If you are NOT yet taking retirement benefits, then you will need to submit a Medicare application yourself. The government expects for you to know when to enroll. The timeline for when and how to register for Medicare is called the Initial Enrollment Period.


Initial Enrollment Period

Your Initial Enrollment Period (IEP) for Medicare Parts A, B and D last 7 months. It begins 3 months before your 65th birthday month and runs for 3 months after your birth month. Enrolling in Medicare during your IEP means that you will have no late penalties. There are also no pre-existing condition waiting periods.

How to Apply for Medicare

The only parts of Medicare you will enroll in via the Social Security office are your Original Medicare Part A (hospital) and Part B (medical). Social Security offers several easy options to apply for Medicare. If you are turning 65, you may apply as early as 3 months prior to the month of your 65th birthday. You’ll find that getting started early is a plus so that you’ll have your new Medicare card in hand before your effective date, which is usually the 1st of your birth month.
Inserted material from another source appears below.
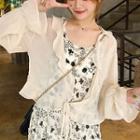 Ruffle Tie-front Chiffon Jacket White - One Size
Applying for Medicare is just your first step. All other Parts and supplemental coverage enrollments are done outside of that, through an insurance agent or agency.

Medicare does not cover all your medical costs. There is significant financial exposure to you in the deductibles and coinsurance that you must pay. Working with an expert insurance agent will help you to identify Medicare supplemental insurance coverage that suits you.
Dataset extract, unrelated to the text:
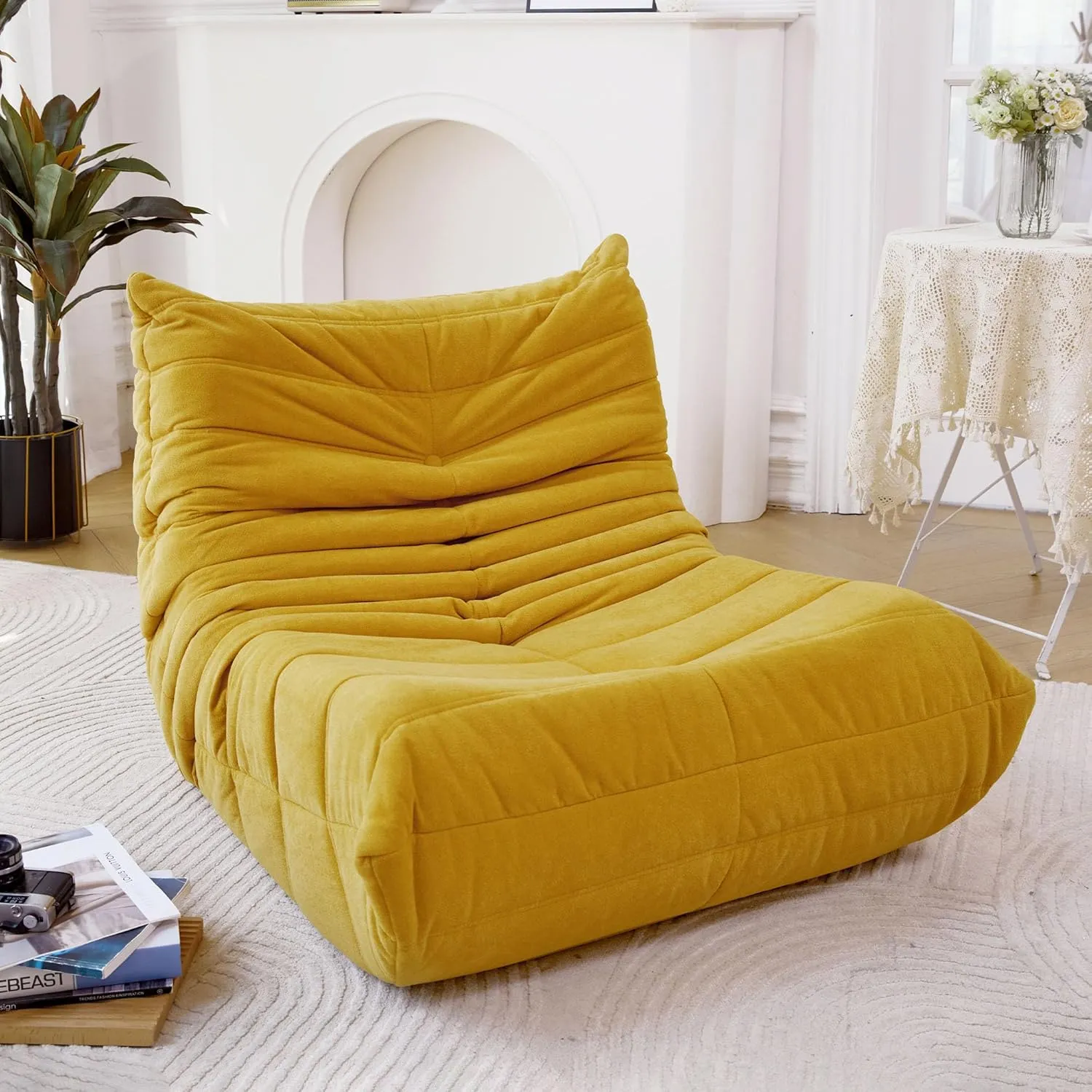 Floor Sofa Bean Bag Chair for Adults Fireside Bean Bag Lounger Memory Foam Chair for Home, Office, Apartment or Gaming Venue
When will I get my Medicare card?

In most cases, you will receive your Medicare card about 4 weeks after you apply. If you are already receiving Social Security benefits when you turn 65, your enrollment into Medicare is automatic. Your card will just show up in your mailbox about 2 – 3 months before you turn 65. When you receive it, be sure that you do not forget to enroll in a plan that includes Part D prescription drug coverage.
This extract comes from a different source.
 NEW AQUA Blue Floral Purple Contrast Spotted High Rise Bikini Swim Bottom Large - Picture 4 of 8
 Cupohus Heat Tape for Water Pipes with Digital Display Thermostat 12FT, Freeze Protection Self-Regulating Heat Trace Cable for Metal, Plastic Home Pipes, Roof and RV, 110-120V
Everyone who has Medicare receives a red, white, and blue Original Medicare card. If you choose to receive your coverage through Original Medicare, you will show this card when you get services. If you choose to receive your Medicare benefits through a Medicare Advantage Plan, you will still get an Original Medicare card, but you will show your Medicare Advantage Plan card when you get services. No matter how you get your Medicare health benefits, only give your Medicare number to your doctors and health care providers.

Medicare Checklist:

  • If you are already receiving social security, did you receive your red, white and blue Medicare ID card?
  • If you are not yet receiving social security, you will need to submit a Medicare enrollment application yourself.
  • When you receive your red, white and blue Medicare card, verify that the card lists both:
    • Hospital (Part A) Coverage Start Date.
    • Medical (Part B) Coverage Start Date.
  • You absolutely need Part B if Medicare will be your primary coverage.
  • Get someone on your side by working with an independent insurance agency like ours. Our help is free, and we are always available for your questions.
  • Review your coverage annually to make sure you are getting the most appropriate insurance at the right price.